======== Material for the task

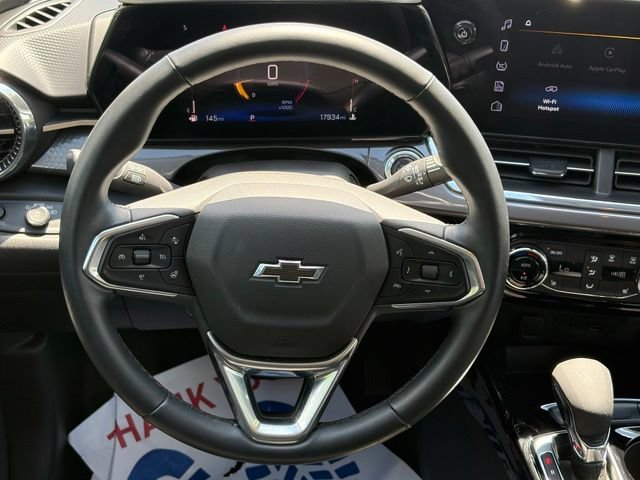 Used 2025 Chevrolet Trax ACTIV w/ Driver Confidence Package FWD image 33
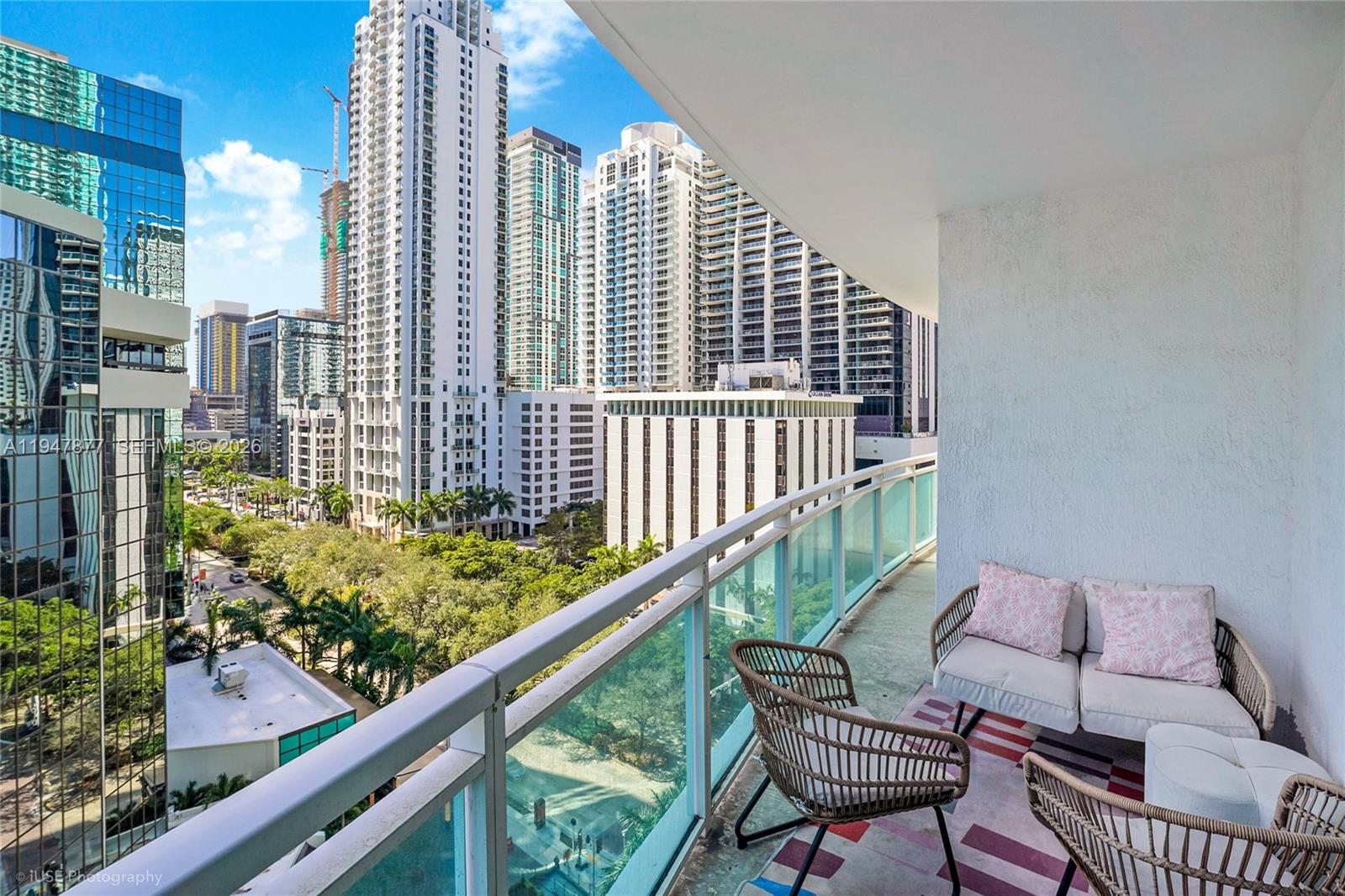 THE PLAZA 901 BRICKELL CO - Residential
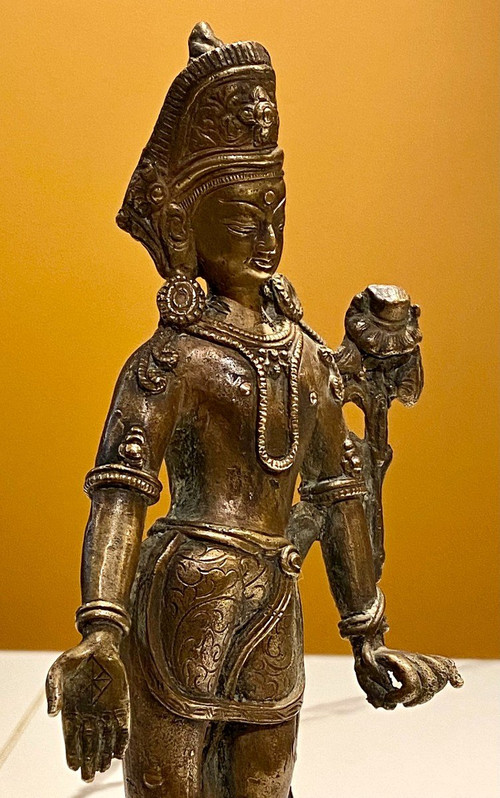 Tibet, First Half Of The 20th Century, Statuette Of Tara In Bronze.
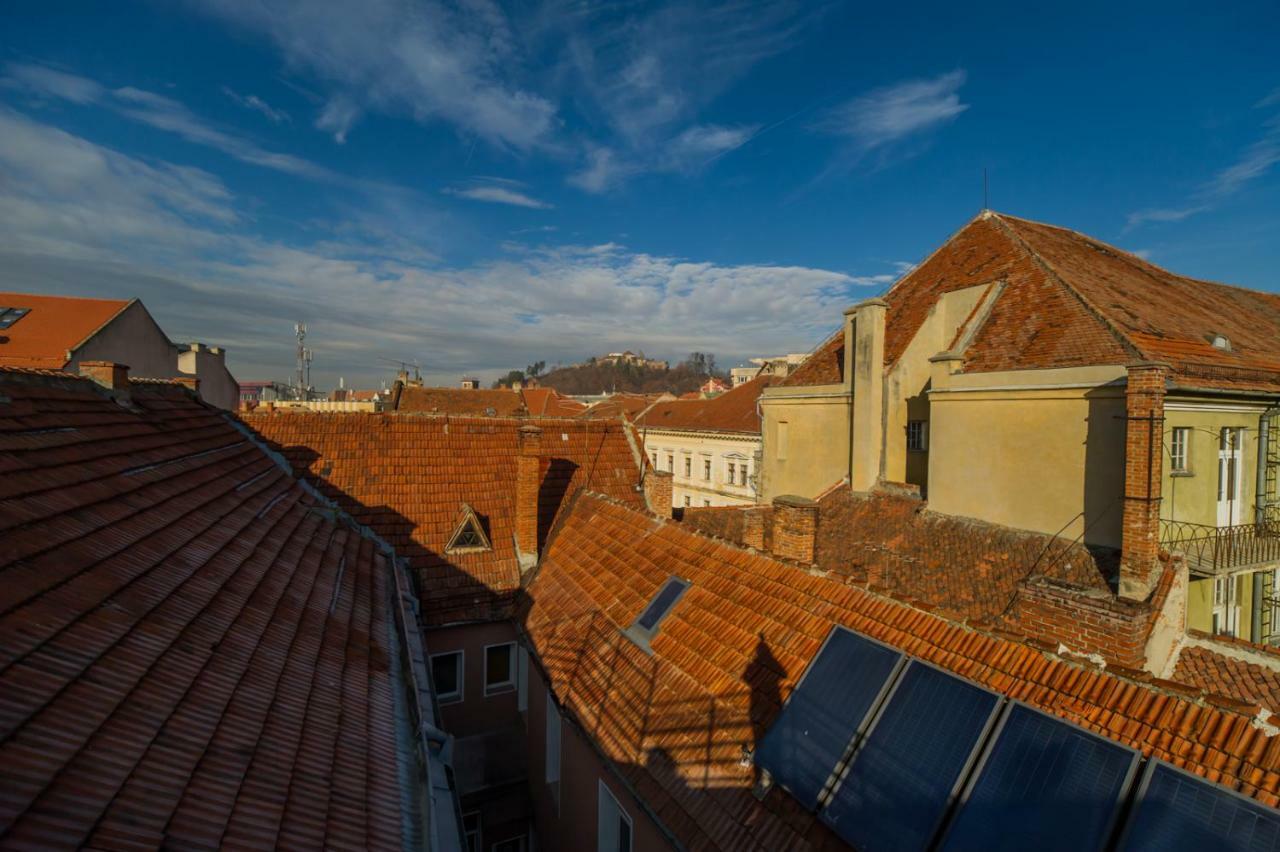Rooftop Central Apartment Брашов Экстерьер фото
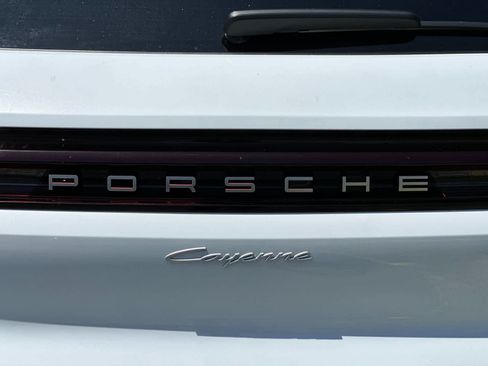 New 2026 Porsche Cayenne AWD/4WD image 33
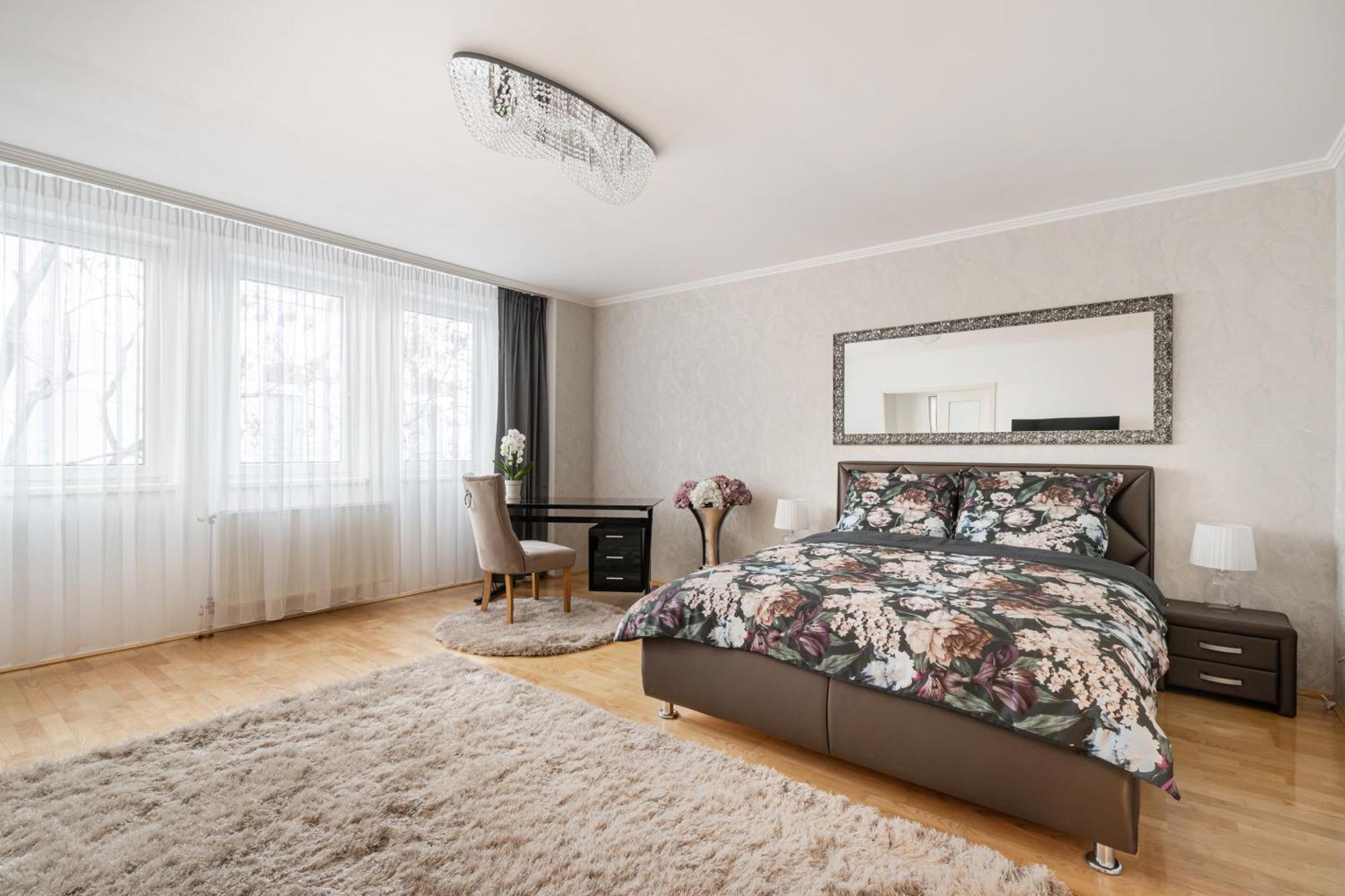 Beautiful Three Bedrooms Apartment With Free Parking Close To The Danube Coast ブダペスト エクステリア 写真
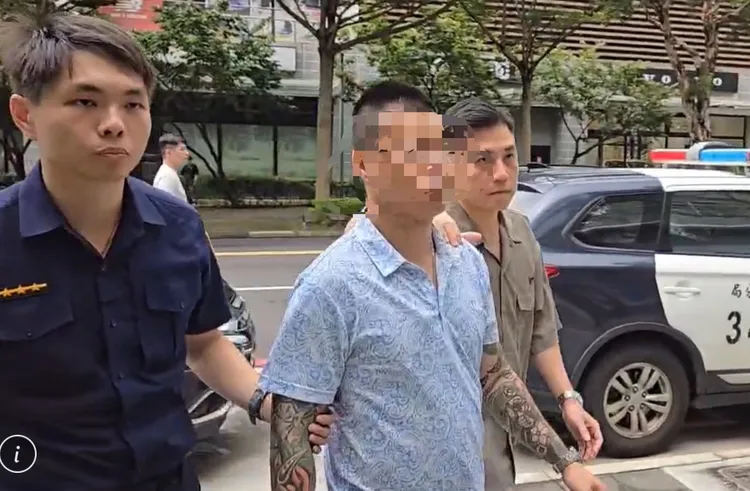 包手男（雙臂刺青）聲稱砸店是為了討公道。翻攝畫面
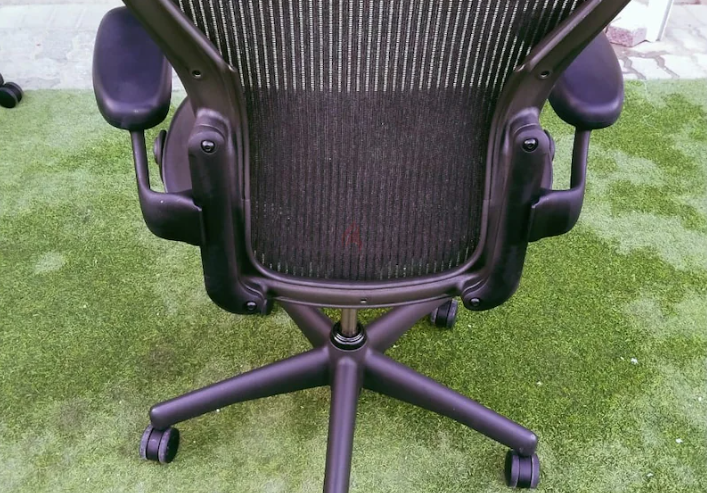 Herman Miller chair size B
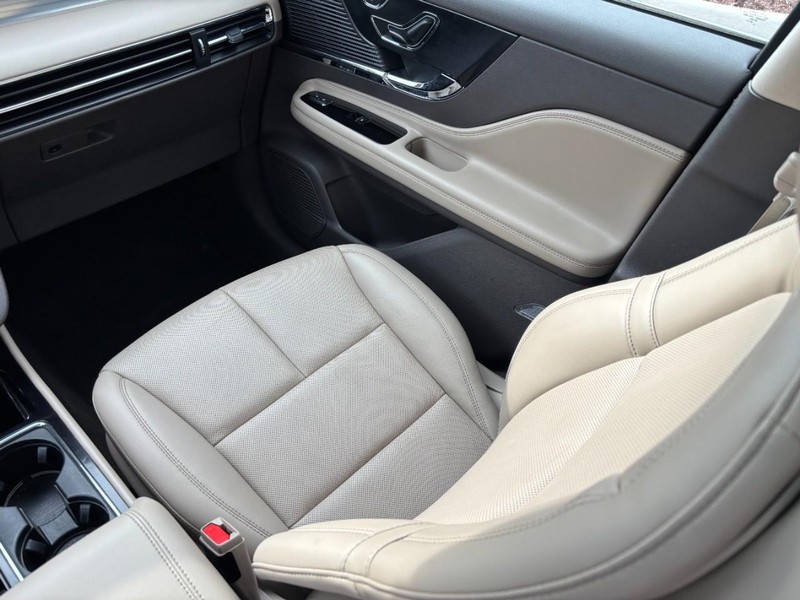 Lincoln Corsair Vehicle Full-screen Gallery Image 15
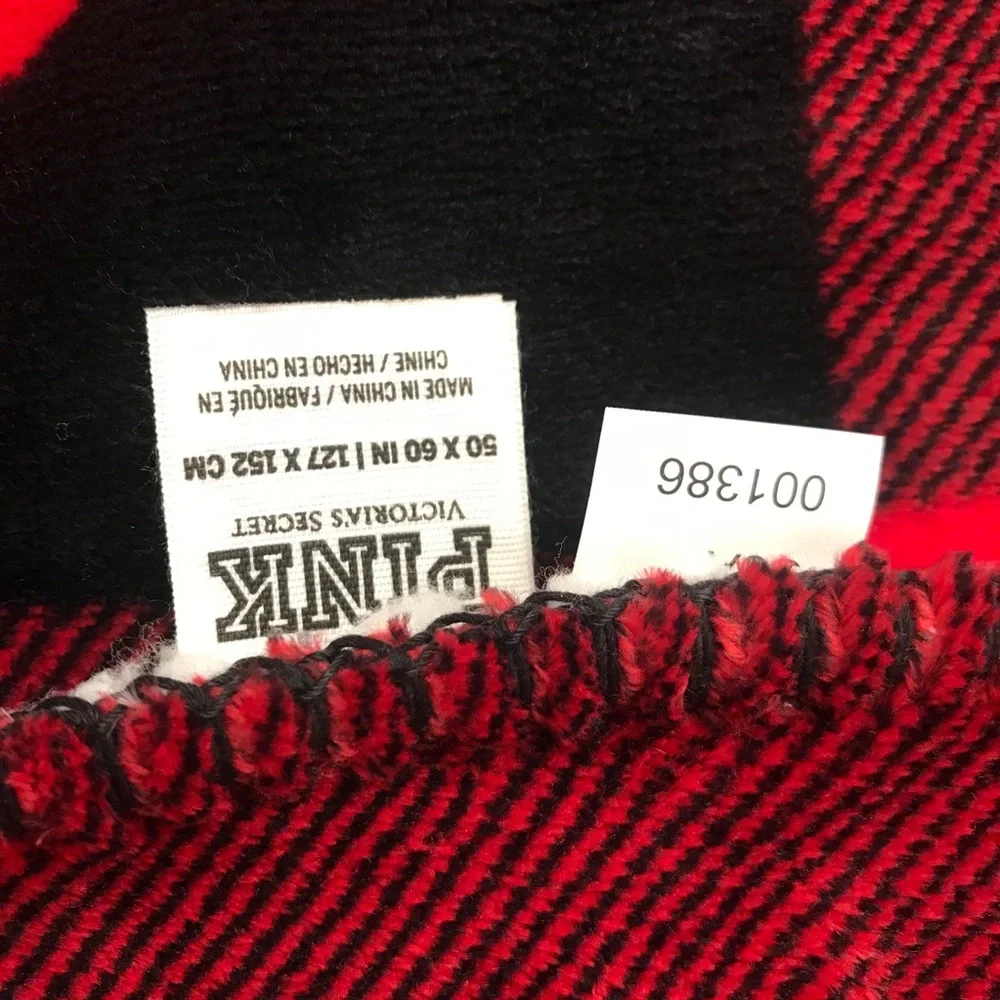 Victoria secret sherpa throw blanket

================

# [Exercise brief]
Set down the records exactly, without the pictures.

# [Answer space]
 Used 2025 Chevrolet Trax ACTIV w/ Driver Confidence Package FWD image 33
 THE PLAZA 901 BRICKELL CO - Residential
 Tibet, First Half Of The 20th Century, Statuette Of Tara In Bronze.
Rooftop Central Apartment Брашов Экстерьер фото
 New 2026 Porsche Cayenne AWD/4WD image 33
 Beautiful Three Bedrooms Apartment With Free Parking Close To The Danube Coast ブダペスト エクステリア 写真
 包手男（雙臂刺青）聲稱砸店是為了討公道。翻攝畫面
 Herman Miller chair size B
 Lincoln Corsair Vehicle Full-screen Gallery Image 15
 Victoria secret sherpa throw blanket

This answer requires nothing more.